• TASK GOAL
Every line below between the one holding "Rafz, 16.09.2017, 12:14" and the one holding "170 North Common", inclusive, should be copied exactly, and no other line.

• GIVEN ENTRIES
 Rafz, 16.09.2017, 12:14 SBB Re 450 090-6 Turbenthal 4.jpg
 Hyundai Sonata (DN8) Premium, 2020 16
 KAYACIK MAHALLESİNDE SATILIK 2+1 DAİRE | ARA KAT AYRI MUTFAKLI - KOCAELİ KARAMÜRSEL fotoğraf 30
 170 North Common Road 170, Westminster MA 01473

--

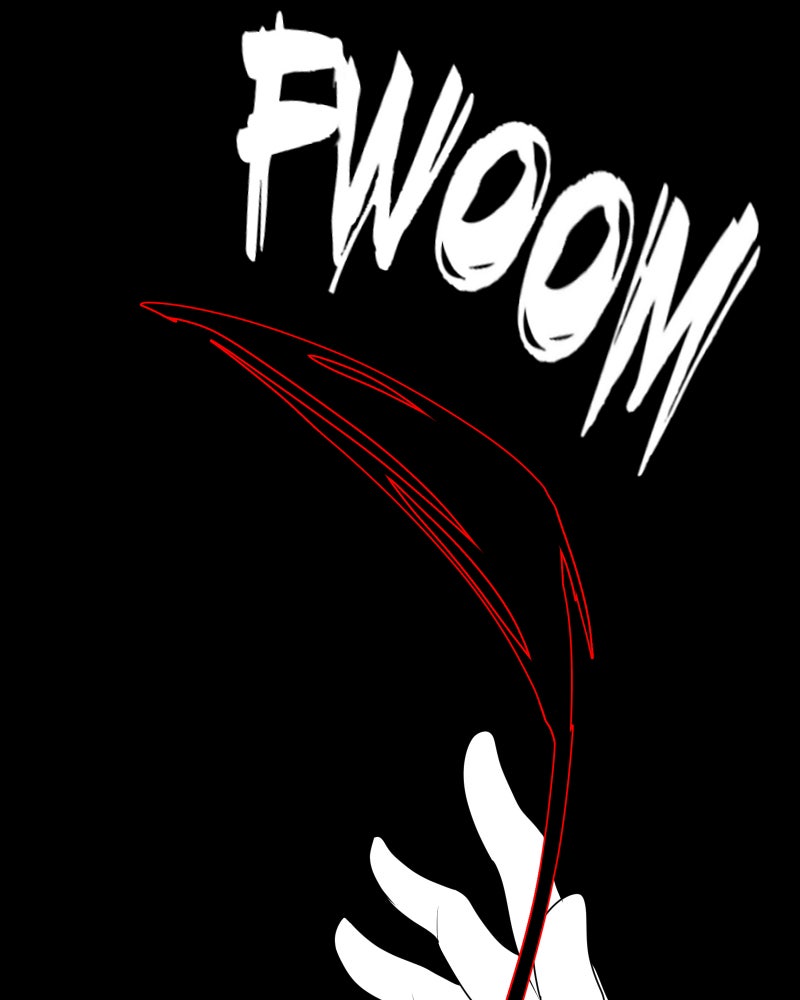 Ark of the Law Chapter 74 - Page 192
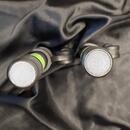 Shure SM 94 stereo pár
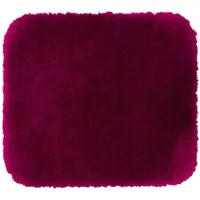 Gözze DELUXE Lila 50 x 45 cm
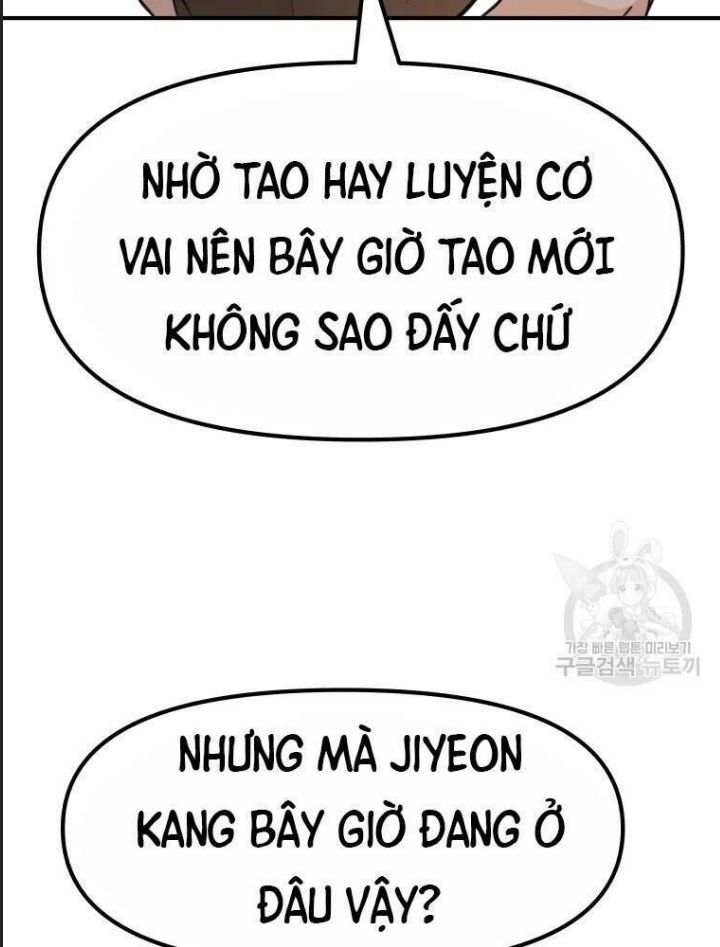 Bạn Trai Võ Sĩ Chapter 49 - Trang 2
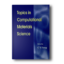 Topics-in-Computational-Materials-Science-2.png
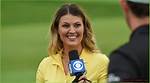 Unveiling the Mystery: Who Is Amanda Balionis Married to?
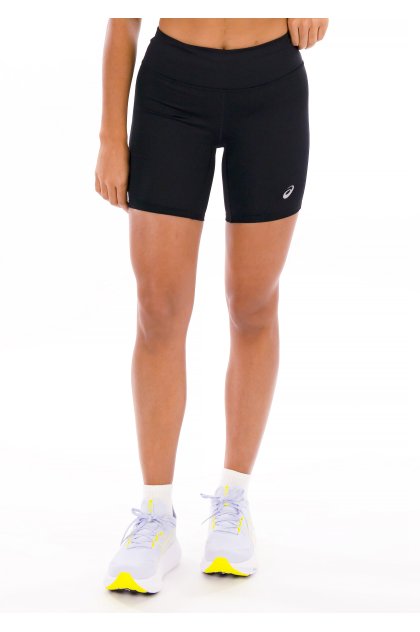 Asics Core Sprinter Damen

--

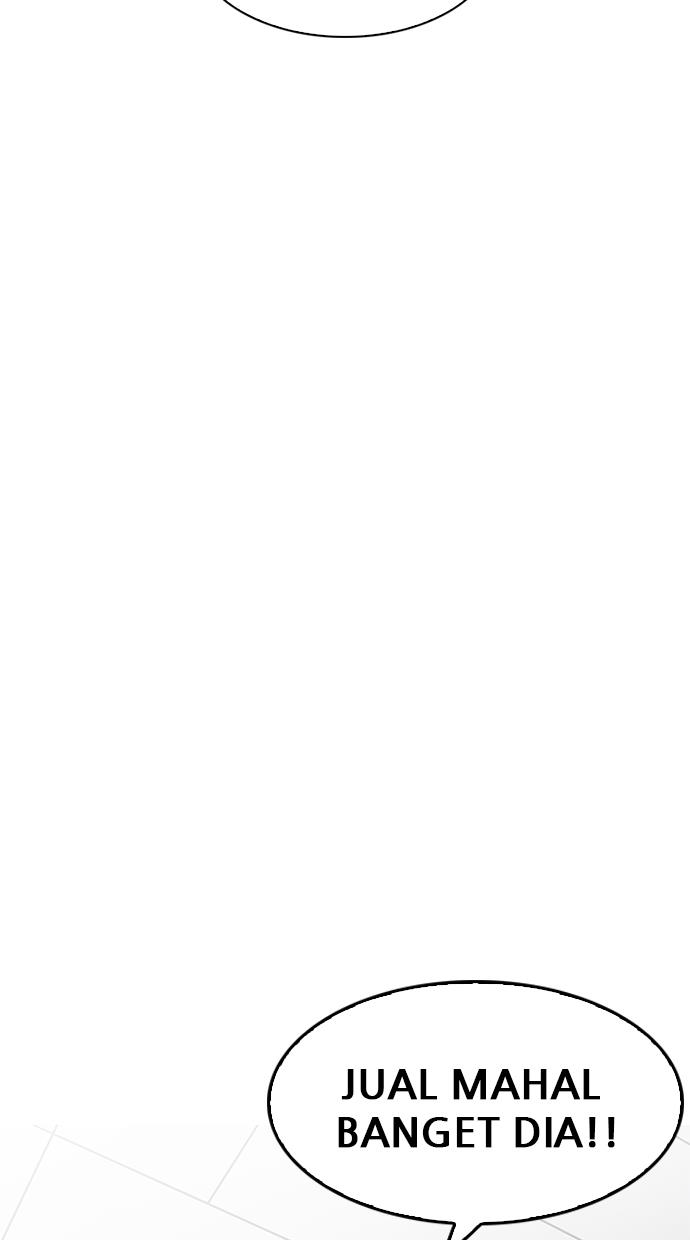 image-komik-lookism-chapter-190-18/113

• TASK RESPONSE
 Rafz, 16.09.2017, 12:14 SBB Re 450 090-6 Turbenthal 4.jpg
 Hyundai Sonata (DN8) Premium, 2020 16
 KAYACIK MAHALLESİNDE SATILIK 2+1 DAİRE | ARA KAT AYRI MUTFAKLI - KOCAELİ KARAMÜRSEL fotoğraf 30
 170 North Common Road 170, Westminster MA 01473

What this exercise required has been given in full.